Oscar holds Jimena while she cries that it is painful to realize that you don't matter at all to your own mother. Oscar pledges that his love and devotion will be pledged to cure her of her wounds He will love her with his whole being. She says his love will protect her but she can't forget. Mirror, Franco pledges to always be with Sarita and give her all the love that her own mother withheld. She tells him that he has memories so sweet of his mother but she has memories so false. She wonders why her mother used her so, why she never loved her, why, why, why mama.

Juan and Sofia with all three babies who now look old enough to read, walk along the hacienda. They will be happy forever with the 3 munchkins and her mother, her mother, Juan her mother. your mother-in-law. oh they must mean Eva. What a night, what a night says Juan at the almost full moon.

Fatima comes back into the big house with a full tray of food saying Gabi doesn't want to eat. Sarita and Jimena worry that she will die of hunger. She shows us that it is more likely going to be demon rum or brandy. while she is tormented by the conscience of Bernardo who says she will never get over. The girls listen to her yelling outside. She never wants to see him return again, they think it is Feo but now, the cabana has been redecorated in red couches and chairs, and they enter while she screams to leave her alone and get out (fuera de aqui and largense). They leave and she turns to see Bernardo backed by the choral group singing accusations. Leave me in peace she begs the spector. But the ads come before peace arrives....

the boys are at the cave tomb pledging to give it a good cleaning and a better altar. Juan begs her to forgive them for not catching her killer yet. Oscar swears by this Reyesness and his brotherhood they will find out (hallar), Franco echos the sentiment. and Juan makes three they will find him, they will find him.

A disheveled Gabi faces a scruffy Feo and whines does he love her more than anyone else. He smirks yes, then she wants to know why he insists on this absurd plan she is so afraid of, he nods quietly and understandingly, with quite a full beard now. Glad we don't have scratch and sniff TV sets yet. She rants that he never loved her that she is so alone that he would love her dead, he nods she cries into the sofa, he waits then kisses her forehead and leaves her praying to her brandy snifter. Suddenly out in the yard, Gabi makes Rosendo promise to say nothing and not come near her cabana no matter what weird things he sees. He promises and she goes back into the cabana. Feo watches from behind the bush with his binoculars wondering how long he will have to wait for his great plan to be completed. Meanwhile the Reyes brothers mount horses and ride around in the forest still looking for Feo.

Last shot of the brandy snifter being filled, emptied, filled. As she is whining and crying, Gabi opens the casket that Feo has prepared and magically transported into the cabana. Gabi sits down to write a note, places all the money in the lining of the casket. drinks more then finds the cup, drinks the suspicious liquid.
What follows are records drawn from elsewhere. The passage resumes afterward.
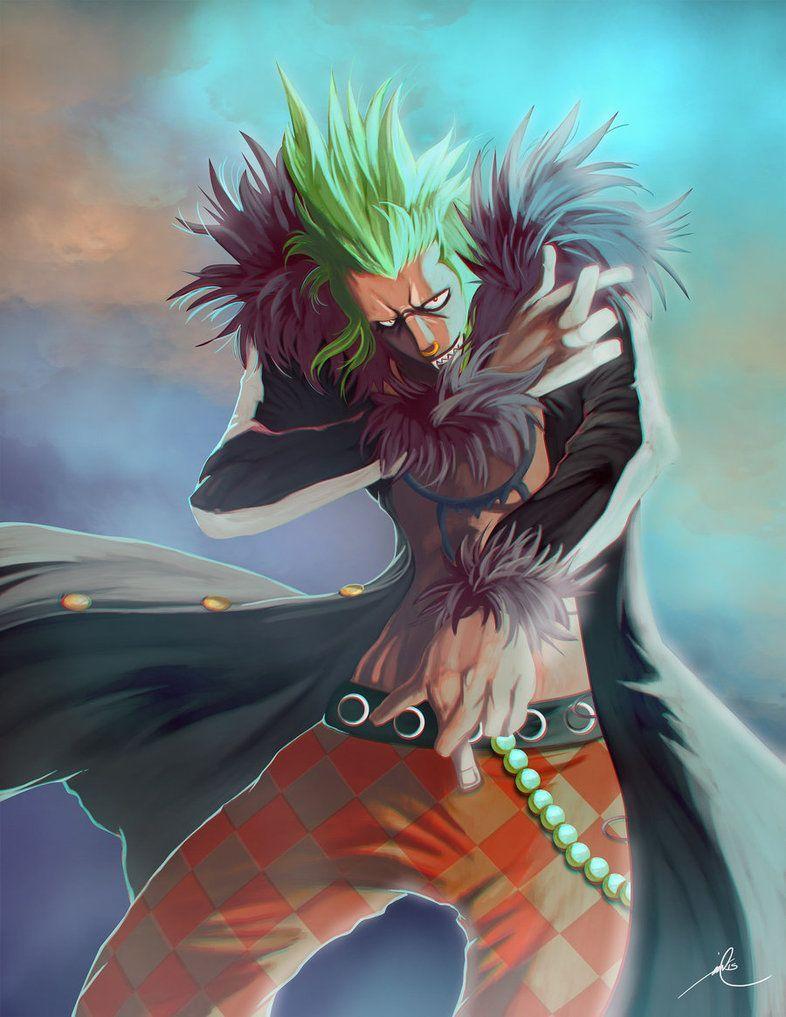 786x1017 Bartolomeo. Bartolomeo one piece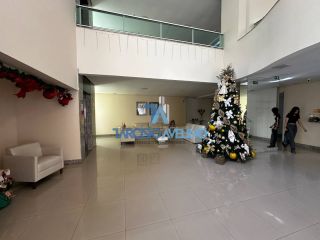 Apartamento 3/4 Cond. Solarium Residence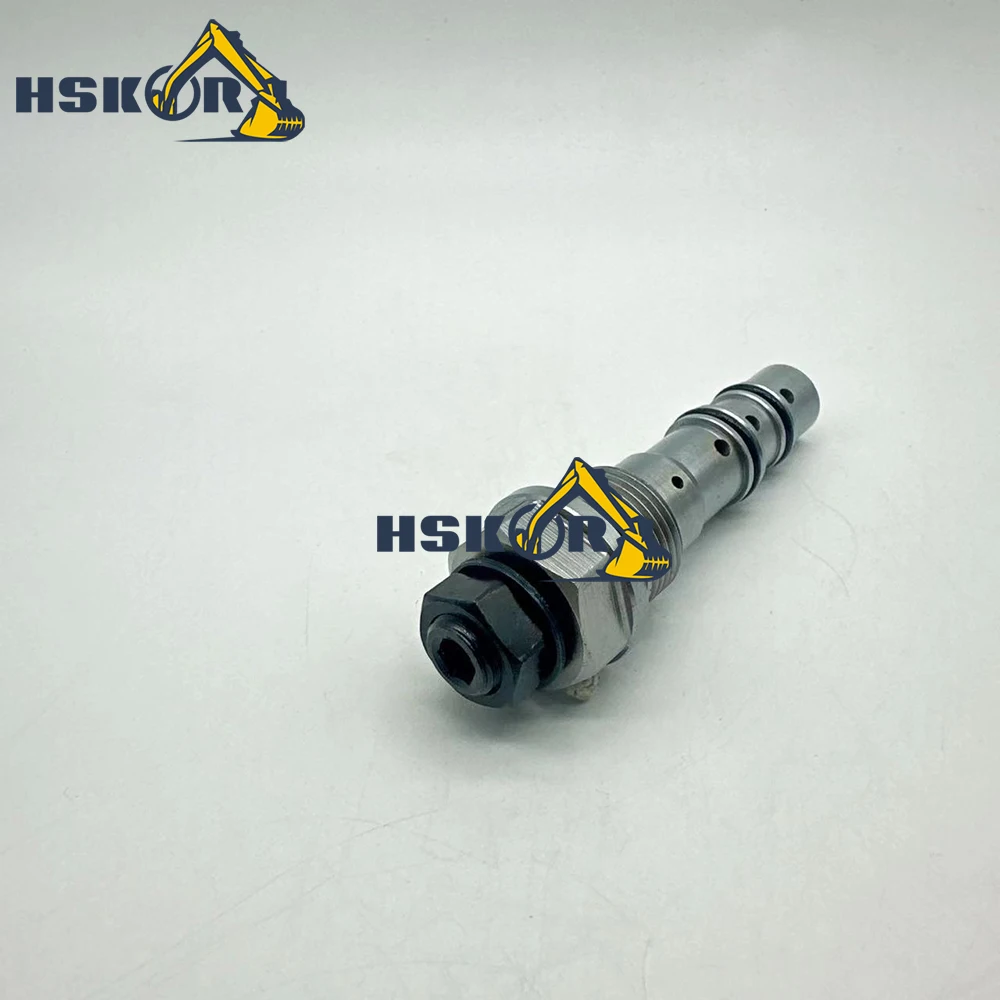 949801  Ex55  Two Way Valve  for  for hitachi Excavator Machine Parts  HSKOR high quality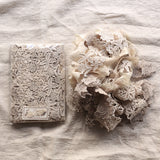 [Assortment of lace] Petite lace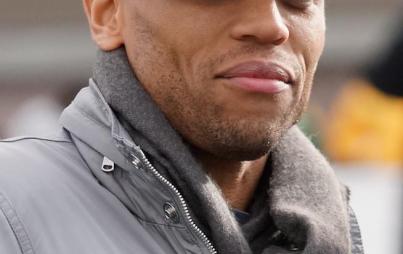 Michael Ealy. Image: Wikimedia Commons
She is woosy but still resists the leather sleeves that put the washcloth full of ether or whatever Feo still had in his dastardly arsenal of intoxicants and she slumps unconscious.

Rosendo tells the girls that mama had a casket (ataud) delivered to the cabana and he thought they should know. Dr. Montes, happens to come and tells them he is worried about their mother and is especially so when he hears about the casket. Feo watches the doctor and ninny daughters rush off to the cabana and hopes doc will declare her dead. Suddenly the Reyes brothers show up at the hacienda and Feo shoots at the brothers, meanwhile inside the cabana, the doctor declares her dead. and just to make it sure we get the significance, the magic camera shoots her in sepia while the daughters stay in color. (cool effect usually seen only in ads but I'm just saying) So did I get a kill or not?? Mama, mama, mama. Adios amigos mios.